ABOUT THIS EXERCISE:
From the material below, please set down exactly the lines starting with the one with "3 CAMERE - LUX - IANCU NICOLAE" and going on through the one with "Djokovic ganó el", without a single picture.
(SOURCE DATA)
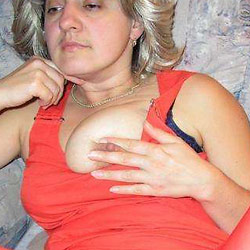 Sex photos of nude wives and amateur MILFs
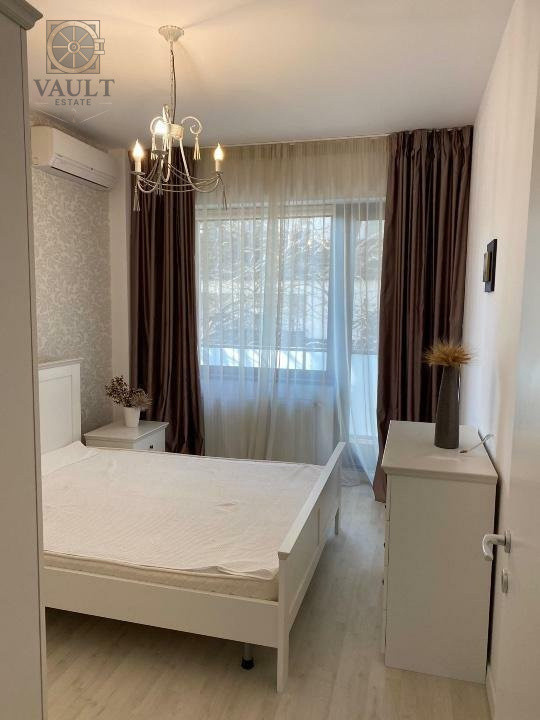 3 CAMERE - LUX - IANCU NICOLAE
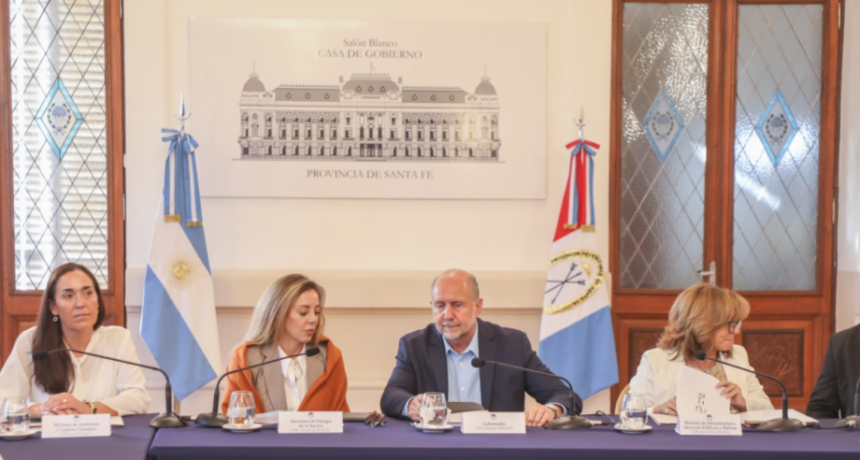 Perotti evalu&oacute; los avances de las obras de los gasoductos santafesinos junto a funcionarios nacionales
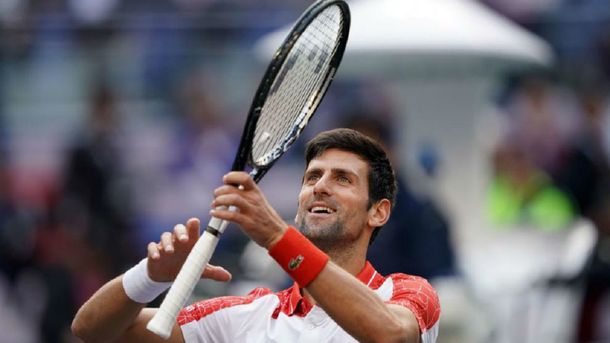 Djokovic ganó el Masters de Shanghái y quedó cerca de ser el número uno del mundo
(End SOURCE DATA)
(SOURCE DATA)
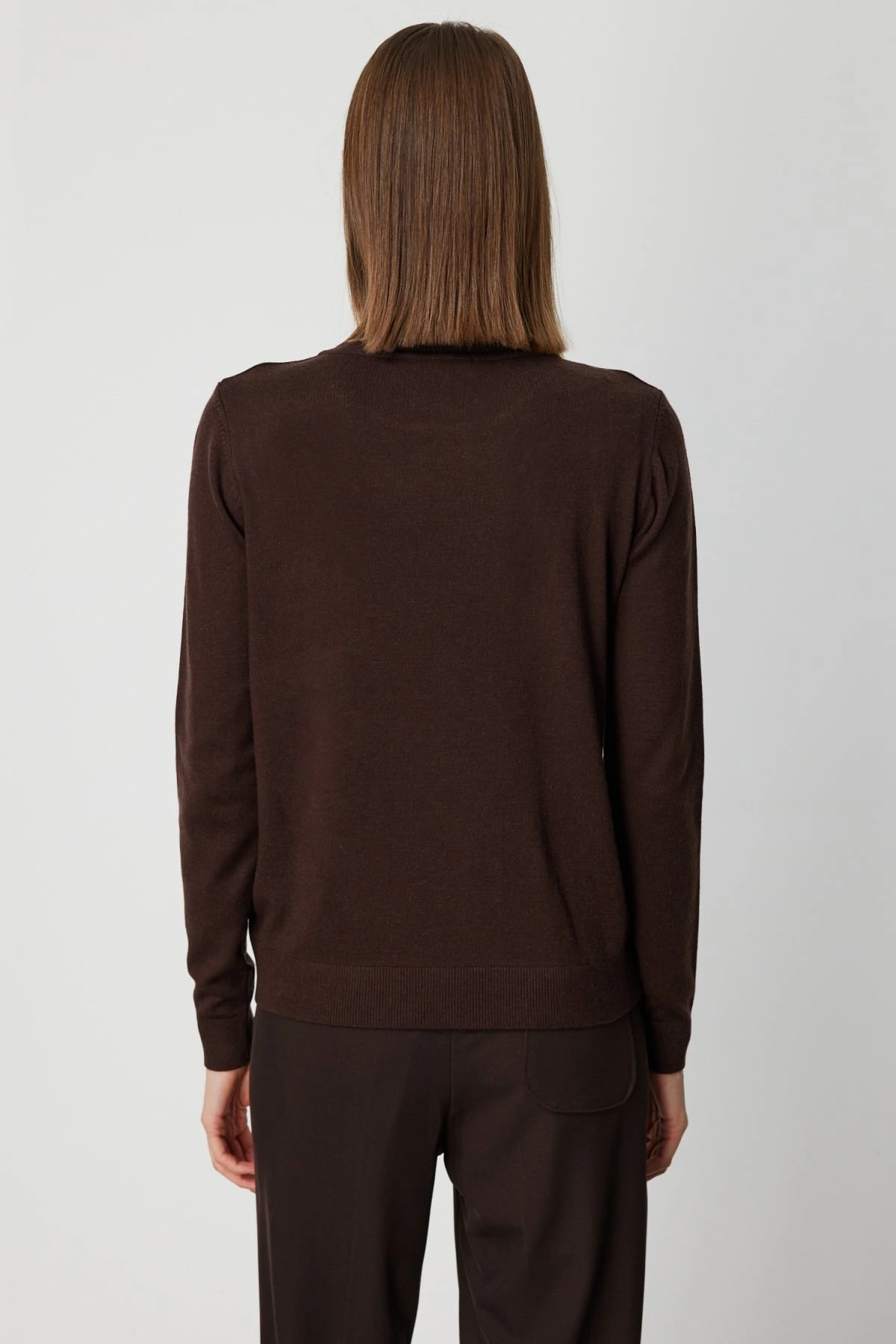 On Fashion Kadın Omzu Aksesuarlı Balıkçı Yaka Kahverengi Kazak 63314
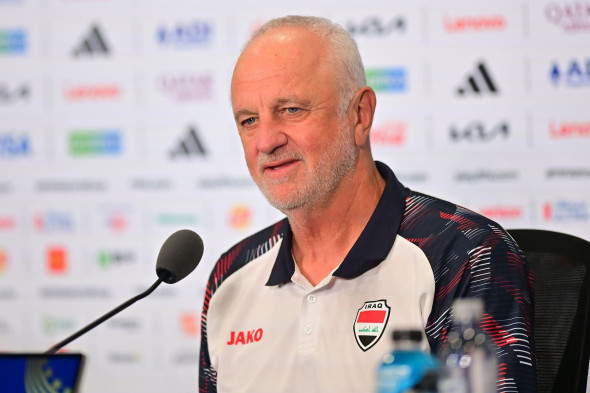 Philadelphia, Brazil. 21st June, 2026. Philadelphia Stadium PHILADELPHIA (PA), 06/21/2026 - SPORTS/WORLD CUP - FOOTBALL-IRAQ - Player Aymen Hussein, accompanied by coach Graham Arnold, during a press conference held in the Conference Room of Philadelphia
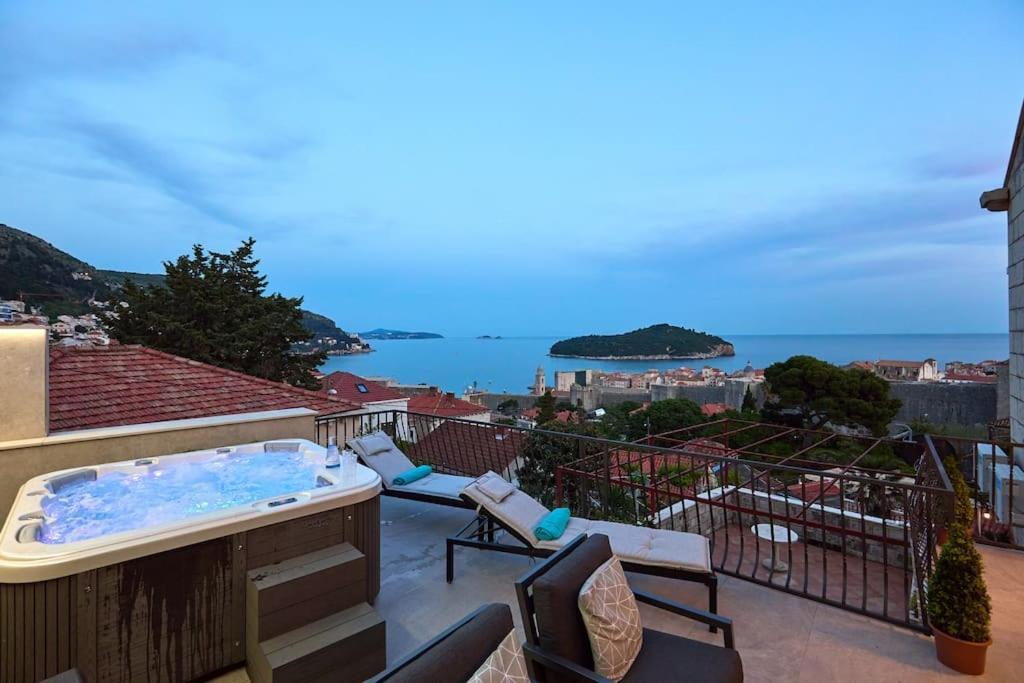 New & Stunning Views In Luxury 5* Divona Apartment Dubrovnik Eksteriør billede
(End SOURCE DATA)
(SOURCE DATA)
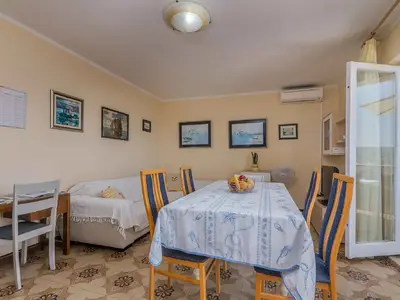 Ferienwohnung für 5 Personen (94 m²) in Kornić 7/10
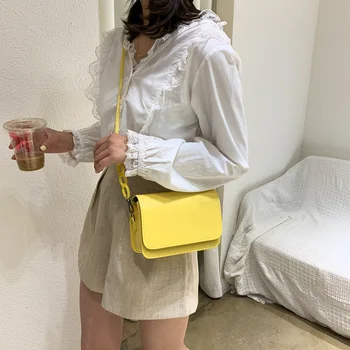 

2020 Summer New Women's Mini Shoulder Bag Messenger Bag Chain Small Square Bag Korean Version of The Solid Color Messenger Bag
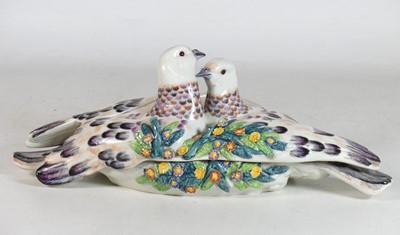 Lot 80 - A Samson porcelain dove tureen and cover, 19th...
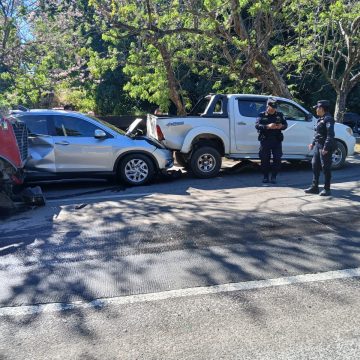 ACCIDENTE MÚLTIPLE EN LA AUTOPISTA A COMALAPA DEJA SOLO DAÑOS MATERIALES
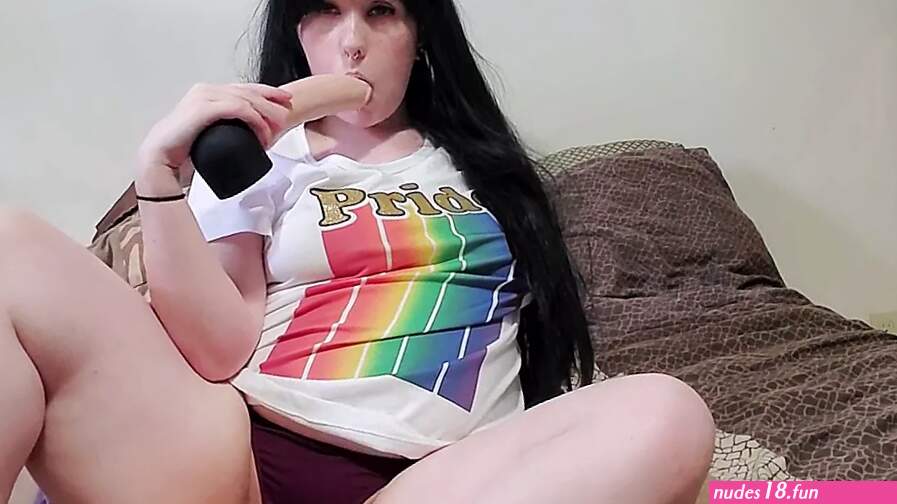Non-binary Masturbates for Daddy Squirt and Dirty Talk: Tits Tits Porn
(End SOURCE DATA)
SOLUTION FOR THIS EXERCISE:
 3 CAMERE - LUX - IANCU NICOLAE
 Perotti evalu&oacute; los avances de las obras de los gasoductos santafesinos junto a funcionarios nacionales
 Djokovic ganó el Masters de Shanghái y quedó cerca de ser el número uno del mundo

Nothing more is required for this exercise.